We’ve been hit with five different things. Some of us have been hit with more than that where we’ve had fires in our area or floods or hurricanes, but not everybody’s had that.

  • We’ve all faced the global infirmity of the pandemic.
  • There is social instability, the violence and the rioting and the protests in cities. Cities are on fire.
  • There is financial or economic instability, with millions out of work, and hundreds of millions out of work worldwide and tens of millions of businesses closed worldwide, not just in America.
  • We’ve got racial inequality. I think we are more able to work on that one and make more progress than any time since the ’60s. I’m very hopeful about that coming to the front burner.
  • Then there’s the political instability.

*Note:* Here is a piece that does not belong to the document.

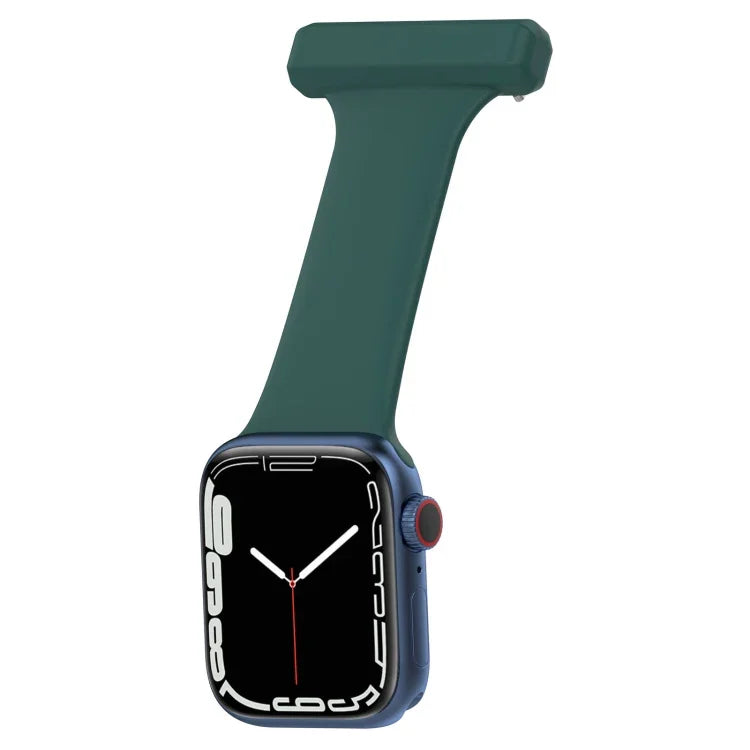 สายซิลิโคนสำหรับพยาบาล Apple Watch Series, 7 45มม. / 6&SE&5&4 44มม. / 3&2&1 42มม., 7 41มม. / 6&SE&5&4 40มม. / 3&2&1 38มม.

All of these together are creating stress. If you attach one light bulb to a battery it will burn a long time. If you attach two, the battery will dry up in half the time. If you attach four or five, it’s not going to last. People are drained today. When people get drained, they get cranky. When they get cranky, they get picky.

Politicians tell us and every politician knows this: attack ads work better than positive ads. Politicians raise funds by creating division and fear. They call them wedge issues. You have to create a wedge issue, to create division. By its very nature, politics is divisive.

We’re not going to ever agree on every little policy, but we are to be united in thought and purpose, or purpose driven. We’re all called at the same glorious future. Politic says that you got to divide people in order to win. Jesus says, “In my church, unity is priority over politics.”